- Born: Somen Banerjee October 8, 1946 Bombay, Bombay Province, British Raj
- Died: October 23, 1994 (aged 48) Los Angeles, California, United States
- Other name: Steve Banerjee
- Occupations: Entrepreneur, promoter
- Known for: Founder of Chippendales
- Spouse: Irene Tychowskyj

= Steve Banerjee =

Indian entrepreneur (1946–1994)

Somen "Steve" Banerjee (সোমেন বাঁড়ুজ্জে; October 8, 1946 – October 23, 1994) was an American entrepreneur, the founder of Chippendales, and a felon.

== Biography ==
Somen Banerjee was born in Bombay (now Mumbai), India, on October 8, 1946, to Bengali parents. He moved to the United States, anglicising his name to Steve Banerjee, where he operated a Mobil gas station and afterward a failed backgammon club. Banerjee bought a failed Los Angeles club named "Destiny II" and turned it into a nightclub that featured female mud wrestling and a "Female Exotic Dancing Night." The 1979 addition of a male stripper dance troupe performing to target female audiences was the first of its kind in the United States. Banerjee married his accountant, Irene, in the 1980s. They had two children — daughter Lindsay and son Christian.

Banerjee was charged with enlisting the aid of Ray Colon, a former Palm Springs police officer and lounge room entertainer, to commit the murder of show producer Nick De Noia in 1987, and in 1990 and 1991, a plot to kill Michael Fullington, a former Chippendales dancer and choreographer, and two other ex-Chippendales dancers, who Banerjee felt were competition to the Chippendales franchise. He eventually pleaded guilty to attempted arson, racketeering, and murder for hire. He entered into a plea bargain that would have led to 26 years in prison, and loss of his share of Chippendales. Irene had frantically managed to organize a group of character witnesses for him. She hoped it would sway the judge to reduce Steve’s penalty of 26 years.
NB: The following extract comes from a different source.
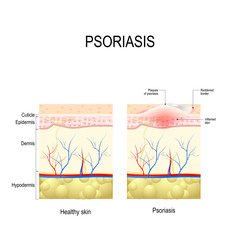  Healthy skin close up and skin with the plaque psoriasis - obrazy, fototapety, plakaty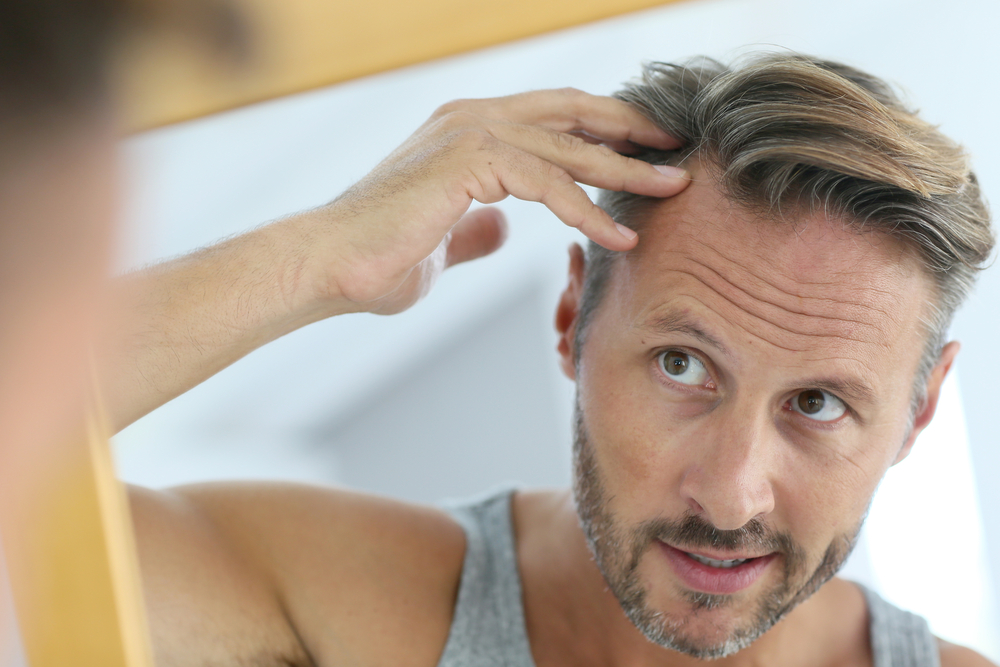 middle aged man hair loss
In the early morning of October 23, 1994, hours before he was due to be sentenced, Banerjee was found dead in his cell, having hanged himself. Reports stated that while he was depressed, it was not thought he would take his own life. When Banerjee died, Irene inherited the entire Chippendales outfit, including money, properties, and associated assets. She died February 8, 2001, from breast cancer.

== In popular culture==
Banerjee has appeared in the following fictionalized portrayals:
- The 2000 television movie The Chippendales Murder, portrayed by Naveen Andrews
- The 2002 direct-to-video movie Just Can't Get Enough, portrayed by Shelley Malil
- The 2022 Hulu miniseries Welcome to Chippendales, portrayed by Kumail Nanjiani.
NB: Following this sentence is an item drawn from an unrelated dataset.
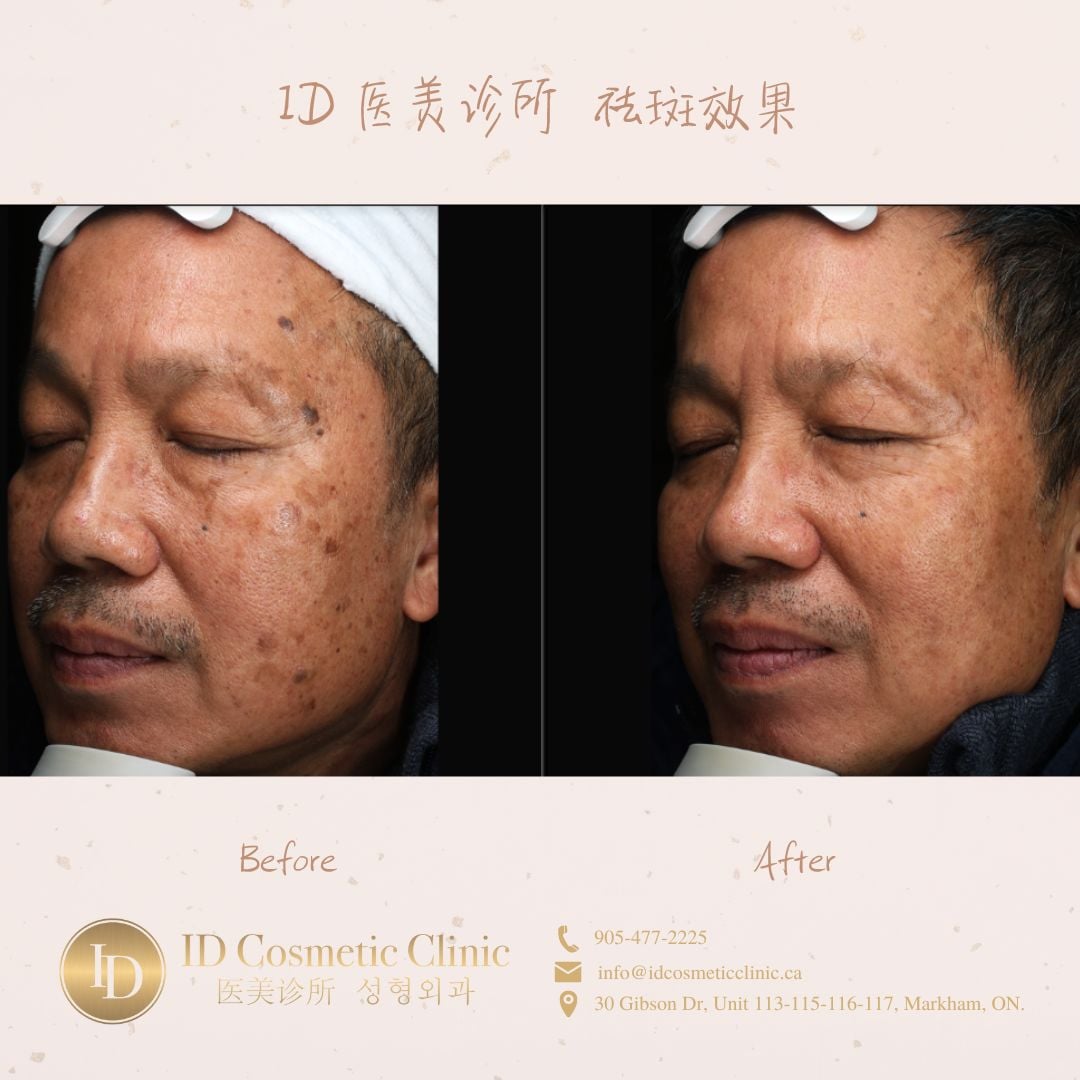 ID 医美诊所 祛斑效果 3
Notable other attempts to film Banerjee's life story include those by director Tony Scott in 2009, by Trisha Ray and Salman Khan in 2016, and by director Craig Gillespie and actor Dev Patel in 2020.

Banerjee has also been the focus of several true crime and documentary series:
- The 2001 episode "Backstage Murder" (Season 3, Episode 13) of The FBI Files
- "The Chippendales Murders", the season 45 (2021) premiere episode of ABC's 20/20

- The first episode of Welcome to Your Fantasy, a 2021 serial podcast telling the Chippendales story.